For Shared Prosperity Vision, Putrajaya banks on upskilling to close income gap

Emmanuel Santa Maria Chin


Prime Minister Tun Dr Mahathir Mohamad and Cabinet minsters hold a press conference in Putrajaya September 14, 2019. — Pictures by Firdaus Latif

PUTRAJAYA, Sept 14 — Putrajaya’s economic policies will emphasise raising the skills of low-income earners to help the group catch up with more affluent Malaysians in its Shared Prosperity Vision, Tun Dr Mahathir Mohamad said today.

After an unusual weekend Cabinet meeting here to discuss the matter today, the prime minister said such efforts were necessary to ensure higher income is accompanied by increased productivity for the country.

Dr Mahathir also said there was a need to address disparities between urban and rural Malaysians as well as a widening wealth gap in the country.

“The poor, we found, are too poor compared to the rich, and we need to increase their income but not by just increasing salaries. We need to improve the abilities and skills of our workers for them to become more productive while working at the same place. 

“We will give training to them so that they have the ability that is more efficient and so that they can do more advanced jobs,” he told a press conference today.

The Technical and Vocational Education and Training (TVET) will take a leading role towards this goal, he explained.

Recipients of government contracts and approved permits (AP) would also be upskilled to ensure they could directly benefit from these instead of selling them off as is usual, he added.

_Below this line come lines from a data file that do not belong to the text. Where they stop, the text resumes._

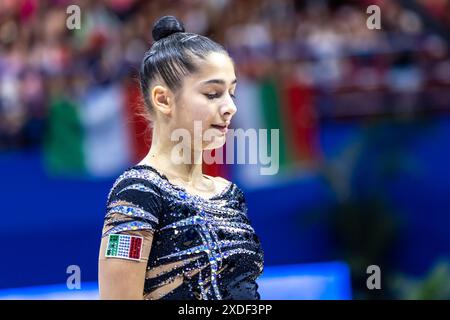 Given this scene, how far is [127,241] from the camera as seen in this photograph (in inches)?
64.1

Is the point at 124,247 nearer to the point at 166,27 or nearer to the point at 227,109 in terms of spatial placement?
the point at 227,109

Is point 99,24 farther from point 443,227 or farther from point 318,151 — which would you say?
point 443,227

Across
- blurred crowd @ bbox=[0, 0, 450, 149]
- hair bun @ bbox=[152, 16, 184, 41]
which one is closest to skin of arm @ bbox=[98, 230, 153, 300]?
hair bun @ bbox=[152, 16, 184, 41]

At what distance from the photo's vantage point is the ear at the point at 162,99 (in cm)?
177

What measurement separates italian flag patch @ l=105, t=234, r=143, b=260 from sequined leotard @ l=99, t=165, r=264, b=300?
0.05 feet

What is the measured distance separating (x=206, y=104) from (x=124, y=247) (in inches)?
12.9

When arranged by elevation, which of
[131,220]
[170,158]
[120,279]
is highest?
[170,158]

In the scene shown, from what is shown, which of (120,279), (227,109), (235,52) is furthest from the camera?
(235,52)

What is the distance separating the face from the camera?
175cm

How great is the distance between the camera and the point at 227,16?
5715 millimetres

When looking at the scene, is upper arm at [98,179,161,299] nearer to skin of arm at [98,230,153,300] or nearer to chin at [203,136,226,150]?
skin of arm at [98,230,153,300]

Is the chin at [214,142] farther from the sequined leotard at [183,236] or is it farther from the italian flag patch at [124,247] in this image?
the italian flag patch at [124,247]

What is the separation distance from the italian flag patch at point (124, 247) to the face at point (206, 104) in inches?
10.0

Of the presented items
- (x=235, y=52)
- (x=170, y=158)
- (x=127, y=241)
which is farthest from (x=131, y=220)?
(x=235, y=52) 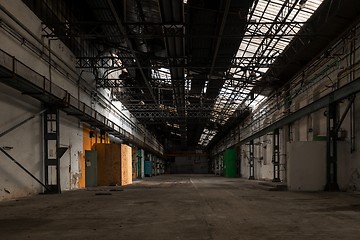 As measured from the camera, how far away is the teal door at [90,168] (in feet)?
76.6

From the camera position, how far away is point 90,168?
77.7 feet

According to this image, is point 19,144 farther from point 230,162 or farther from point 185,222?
point 230,162

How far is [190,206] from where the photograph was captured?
1088cm

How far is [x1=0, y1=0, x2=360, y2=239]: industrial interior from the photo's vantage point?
825 cm

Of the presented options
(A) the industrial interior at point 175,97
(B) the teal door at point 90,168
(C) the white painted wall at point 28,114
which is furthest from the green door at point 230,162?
(C) the white painted wall at point 28,114

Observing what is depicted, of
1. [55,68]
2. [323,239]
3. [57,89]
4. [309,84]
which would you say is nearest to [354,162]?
[309,84]

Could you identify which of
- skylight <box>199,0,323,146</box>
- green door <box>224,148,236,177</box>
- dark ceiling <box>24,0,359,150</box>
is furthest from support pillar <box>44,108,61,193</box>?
green door <box>224,148,236,177</box>

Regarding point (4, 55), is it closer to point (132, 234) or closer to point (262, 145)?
point (132, 234)

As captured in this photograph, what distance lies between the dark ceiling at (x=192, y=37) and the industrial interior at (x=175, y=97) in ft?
0.33

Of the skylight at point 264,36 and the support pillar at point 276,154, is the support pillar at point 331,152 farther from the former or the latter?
the support pillar at point 276,154

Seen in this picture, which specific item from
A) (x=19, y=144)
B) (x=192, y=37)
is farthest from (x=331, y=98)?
(x=19, y=144)

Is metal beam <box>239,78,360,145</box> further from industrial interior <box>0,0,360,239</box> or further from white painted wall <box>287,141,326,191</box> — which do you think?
white painted wall <box>287,141,326,191</box>

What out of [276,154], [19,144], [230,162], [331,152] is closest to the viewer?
[19,144]

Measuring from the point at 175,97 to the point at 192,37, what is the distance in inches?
541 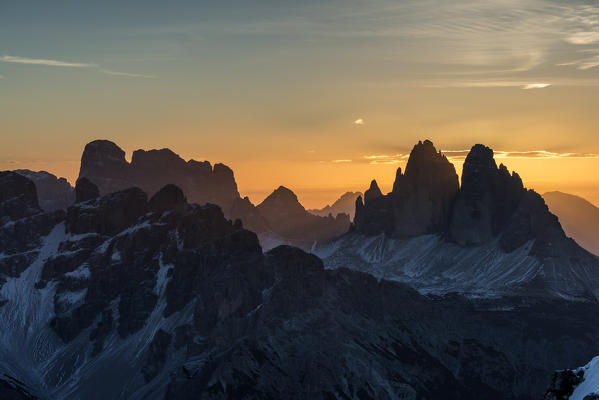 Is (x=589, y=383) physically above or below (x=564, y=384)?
above

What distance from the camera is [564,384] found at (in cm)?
12694

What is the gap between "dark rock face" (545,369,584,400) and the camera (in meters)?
126

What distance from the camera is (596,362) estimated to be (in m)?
129

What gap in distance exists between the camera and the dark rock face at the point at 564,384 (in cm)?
12625

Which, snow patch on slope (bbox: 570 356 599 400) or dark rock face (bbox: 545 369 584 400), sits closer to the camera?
snow patch on slope (bbox: 570 356 599 400)

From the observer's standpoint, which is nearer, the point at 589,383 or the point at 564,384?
the point at 589,383

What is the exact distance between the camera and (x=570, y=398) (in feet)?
410

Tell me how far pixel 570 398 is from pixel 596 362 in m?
7.73

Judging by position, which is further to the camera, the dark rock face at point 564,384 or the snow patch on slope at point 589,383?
the dark rock face at point 564,384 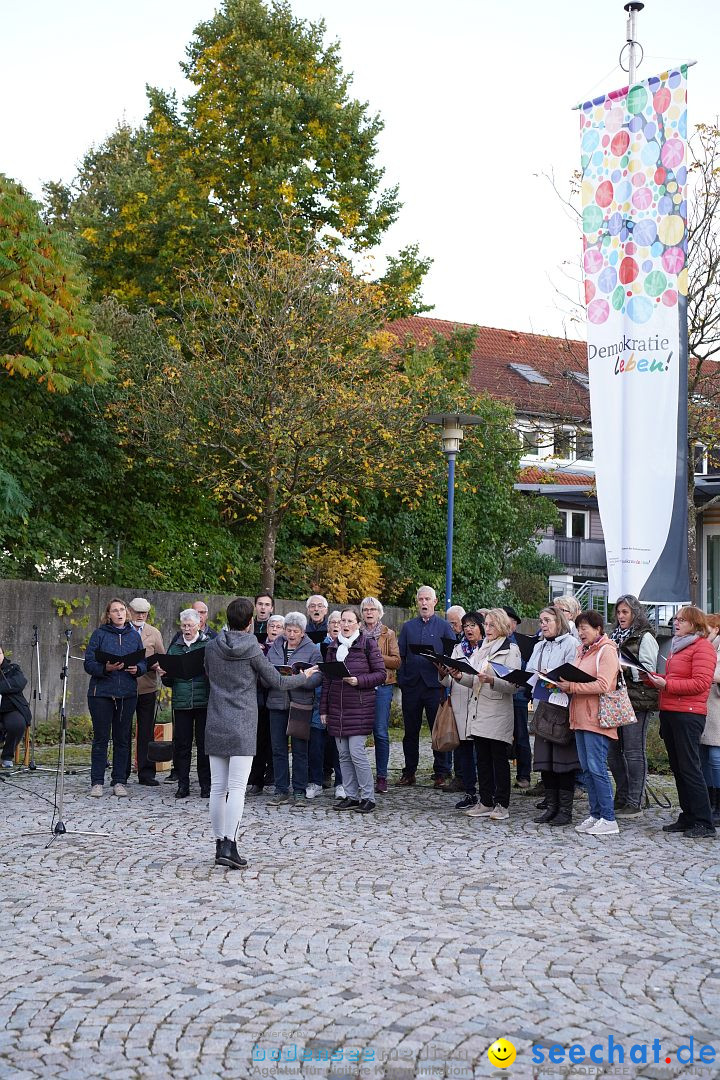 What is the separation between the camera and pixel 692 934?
6891 millimetres

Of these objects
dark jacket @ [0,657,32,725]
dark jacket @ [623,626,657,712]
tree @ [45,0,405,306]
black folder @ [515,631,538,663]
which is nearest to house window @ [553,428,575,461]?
tree @ [45,0,405,306]

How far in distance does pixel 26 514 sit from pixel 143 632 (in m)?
6.39

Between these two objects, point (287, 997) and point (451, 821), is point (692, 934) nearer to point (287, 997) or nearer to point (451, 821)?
point (287, 997)

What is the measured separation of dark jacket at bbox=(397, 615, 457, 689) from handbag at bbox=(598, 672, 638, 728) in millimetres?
3236

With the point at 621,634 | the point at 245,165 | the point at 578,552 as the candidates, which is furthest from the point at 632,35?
the point at 578,552

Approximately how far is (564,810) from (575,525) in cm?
3846

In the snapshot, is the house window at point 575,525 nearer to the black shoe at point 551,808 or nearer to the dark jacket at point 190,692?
the dark jacket at point 190,692

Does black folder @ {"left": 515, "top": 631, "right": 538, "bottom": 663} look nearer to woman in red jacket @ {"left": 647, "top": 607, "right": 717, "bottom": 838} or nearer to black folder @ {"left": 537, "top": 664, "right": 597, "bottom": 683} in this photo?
black folder @ {"left": 537, "top": 664, "right": 597, "bottom": 683}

Prime Minister Tun Dr Mahathir Mohamad speaks during a press conference in Putrajaya September 14, 2019.

The prime minister added that indiscriminately handing out contracts and APs only inflated appearances for short term but did not contribute towards the final goal of uplifting the needy that he said would take time.

“If they are not qualified we will give training to them until they are qualified,” he said.

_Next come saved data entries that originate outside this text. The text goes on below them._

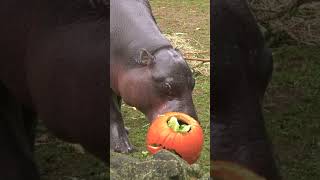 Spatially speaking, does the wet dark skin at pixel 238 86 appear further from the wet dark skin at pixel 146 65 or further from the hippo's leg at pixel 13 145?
the wet dark skin at pixel 146 65

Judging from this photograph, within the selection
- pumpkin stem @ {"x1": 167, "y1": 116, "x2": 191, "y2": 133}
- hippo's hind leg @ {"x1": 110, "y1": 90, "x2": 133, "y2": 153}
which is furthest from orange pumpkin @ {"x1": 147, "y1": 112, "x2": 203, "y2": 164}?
hippo's hind leg @ {"x1": 110, "y1": 90, "x2": 133, "y2": 153}

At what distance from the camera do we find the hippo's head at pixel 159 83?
4.49 feet

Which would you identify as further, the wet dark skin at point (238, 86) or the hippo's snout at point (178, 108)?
the hippo's snout at point (178, 108)

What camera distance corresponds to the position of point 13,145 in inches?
38.3

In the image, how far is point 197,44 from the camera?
2906 mm

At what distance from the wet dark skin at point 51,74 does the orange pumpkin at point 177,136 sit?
0.22 m

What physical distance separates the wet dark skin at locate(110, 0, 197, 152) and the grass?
26 centimetres

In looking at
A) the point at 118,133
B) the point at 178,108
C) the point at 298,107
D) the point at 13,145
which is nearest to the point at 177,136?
the point at 178,108

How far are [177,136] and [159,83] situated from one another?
0.67 feet

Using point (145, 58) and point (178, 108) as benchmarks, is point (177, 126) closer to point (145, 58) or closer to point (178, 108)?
point (178, 108)

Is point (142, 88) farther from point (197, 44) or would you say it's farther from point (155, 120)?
point (197, 44)

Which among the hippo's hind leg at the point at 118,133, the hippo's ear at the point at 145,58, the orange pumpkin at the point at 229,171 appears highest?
the orange pumpkin at the point at 229,171

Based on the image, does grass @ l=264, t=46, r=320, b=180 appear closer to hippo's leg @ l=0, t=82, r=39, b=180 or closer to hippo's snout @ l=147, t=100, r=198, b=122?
hippo's snout @ l=147, t=100, r=198, b=122

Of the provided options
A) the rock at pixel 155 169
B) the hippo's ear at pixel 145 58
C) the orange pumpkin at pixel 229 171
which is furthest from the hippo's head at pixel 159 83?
the orange pumpkin at pixel 229 171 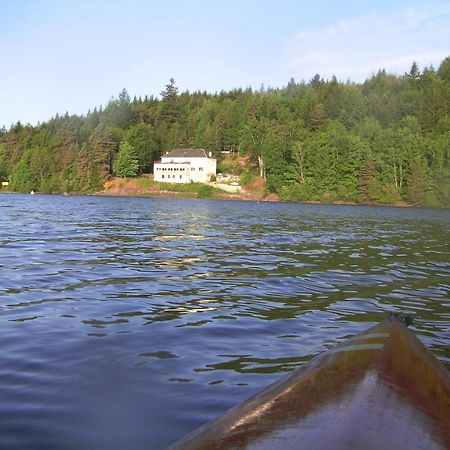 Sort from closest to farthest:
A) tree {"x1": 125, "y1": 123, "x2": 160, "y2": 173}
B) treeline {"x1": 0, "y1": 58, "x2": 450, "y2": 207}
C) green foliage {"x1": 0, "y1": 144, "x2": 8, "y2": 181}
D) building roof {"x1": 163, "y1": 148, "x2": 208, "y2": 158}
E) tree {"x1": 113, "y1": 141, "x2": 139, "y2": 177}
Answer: treeline {"x1": 0, "y1": 58, "x2": 450, "y2": 207}, tree {"x1": 113, "y1": 141, "x2": 139, "y2": 177}, building roof {"x1": 163, "y1": 148, "x2": 208, "y2": 158}, tree {"x1": 125, "y1": 123, "x2": 160, "y2": 173}, green foliage {"x1": 0, "y1": 144, "x2": 8, "y2": 181}

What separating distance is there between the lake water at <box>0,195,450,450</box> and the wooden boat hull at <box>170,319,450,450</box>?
5.28 ft

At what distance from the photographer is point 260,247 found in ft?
63.6

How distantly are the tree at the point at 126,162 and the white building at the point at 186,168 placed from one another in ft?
17.6

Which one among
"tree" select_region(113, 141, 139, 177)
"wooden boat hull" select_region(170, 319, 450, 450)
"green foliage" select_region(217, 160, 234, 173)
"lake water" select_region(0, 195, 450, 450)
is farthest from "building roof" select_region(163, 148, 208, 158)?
"wooden boat hull" select_region(170, 319, 450, 450)

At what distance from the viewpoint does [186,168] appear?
121 meters

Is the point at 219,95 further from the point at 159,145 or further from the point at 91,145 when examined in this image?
the point at 91,145

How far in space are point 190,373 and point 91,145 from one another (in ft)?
425

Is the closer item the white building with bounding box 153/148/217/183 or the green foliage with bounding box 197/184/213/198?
the green foliage with bounding box 197/184/213/198

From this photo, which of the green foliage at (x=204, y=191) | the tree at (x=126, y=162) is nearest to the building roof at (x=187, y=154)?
the tree at (x=126, y=162)

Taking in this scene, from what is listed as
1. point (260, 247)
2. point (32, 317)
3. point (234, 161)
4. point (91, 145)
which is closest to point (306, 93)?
point (234, 161)

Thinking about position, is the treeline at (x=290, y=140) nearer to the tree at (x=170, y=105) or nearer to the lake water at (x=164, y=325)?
the tree at (x=170, y=105)

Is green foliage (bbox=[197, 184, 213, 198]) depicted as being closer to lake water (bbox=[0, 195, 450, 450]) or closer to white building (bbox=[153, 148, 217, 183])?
white building (bbox=[153, 148, 217, 183])

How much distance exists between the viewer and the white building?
395 feet

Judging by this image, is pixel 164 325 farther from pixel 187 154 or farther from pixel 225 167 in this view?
pixel 225 167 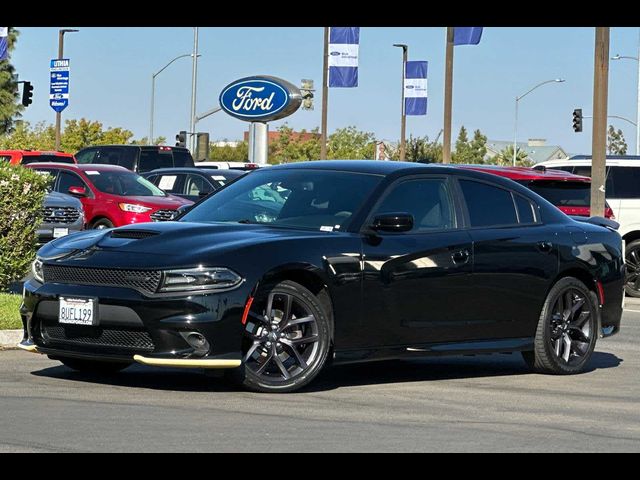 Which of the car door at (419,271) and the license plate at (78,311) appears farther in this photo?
the car door at (419,271)

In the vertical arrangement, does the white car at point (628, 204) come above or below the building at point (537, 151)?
below

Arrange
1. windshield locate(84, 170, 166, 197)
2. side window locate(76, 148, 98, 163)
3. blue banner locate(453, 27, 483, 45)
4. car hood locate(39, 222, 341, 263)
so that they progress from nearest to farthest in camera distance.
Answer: car hood locate(39, 222, 341, 263) → windshield locate(84, 170, 166, 197) → blue banner locate(453, 27, 483, 45) → side window locate(76, 148, 98, 163)

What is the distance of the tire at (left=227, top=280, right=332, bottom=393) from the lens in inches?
351

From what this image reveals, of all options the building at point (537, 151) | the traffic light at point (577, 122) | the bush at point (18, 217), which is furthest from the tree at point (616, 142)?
the bush at point (18, 217)

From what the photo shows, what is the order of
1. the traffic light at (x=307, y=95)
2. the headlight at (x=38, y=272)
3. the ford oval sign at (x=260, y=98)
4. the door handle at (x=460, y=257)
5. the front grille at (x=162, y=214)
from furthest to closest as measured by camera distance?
1. the traffic light at (x=307, y=95)
2. the ford oval sign at (x=260, y=98)
3. the front grille at (x=162, y=214)
4. the door handle at (x=460, y=257)
5. the headlight at (x=38, y=272)

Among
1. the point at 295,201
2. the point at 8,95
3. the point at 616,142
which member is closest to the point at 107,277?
the point at 295,201

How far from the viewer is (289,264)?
898 centimetres

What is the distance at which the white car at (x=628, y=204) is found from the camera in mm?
20234

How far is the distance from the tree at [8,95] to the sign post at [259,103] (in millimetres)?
31978

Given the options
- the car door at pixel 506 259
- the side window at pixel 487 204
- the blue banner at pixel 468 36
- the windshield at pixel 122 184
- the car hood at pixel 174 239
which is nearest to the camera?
the car hood at pixel 174 239

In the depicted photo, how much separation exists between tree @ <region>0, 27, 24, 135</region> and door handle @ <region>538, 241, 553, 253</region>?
65604mm

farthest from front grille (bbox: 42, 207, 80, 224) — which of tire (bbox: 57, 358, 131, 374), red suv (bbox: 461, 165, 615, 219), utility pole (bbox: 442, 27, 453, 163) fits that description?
utility pole (bbox: 442, 27, 453, 163)

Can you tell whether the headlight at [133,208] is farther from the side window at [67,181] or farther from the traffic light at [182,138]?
the traffic light at [182,138]

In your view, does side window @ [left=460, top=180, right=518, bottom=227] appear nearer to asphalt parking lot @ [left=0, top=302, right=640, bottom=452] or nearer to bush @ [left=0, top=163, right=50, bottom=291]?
asphalt parking lot @ [left=0, top=302, right=640, bottom=452]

Dr Mahathir said the Cabinet has agreed in principle to these policies and the Economic Affairs Ministry was preparing a White Paper for its consideration.

“We agreed that there is disparity in our country, firstly disparity between states, the difference between the rural and urban, and the bigger disparity between the poor and the rich,” he said. 

The PM identified Kelantan, Perlis and his home state of Kedah as among those considered poor.

On funding for the resulting programmes, Dr Mahathir said the government will divert resources from areas of lower priority but did not elaborate.

Economic Affairs Minister Datuk Seri Azmin Ali then said the vision will be incorporated into the 12th and 13th Malaysia Plans as well as Budget 2020 due to be tabled next month.

Azmin stressed, however, that the Finance Ministry will be the arbiter of how much funding would go towards the areas supporting the vision.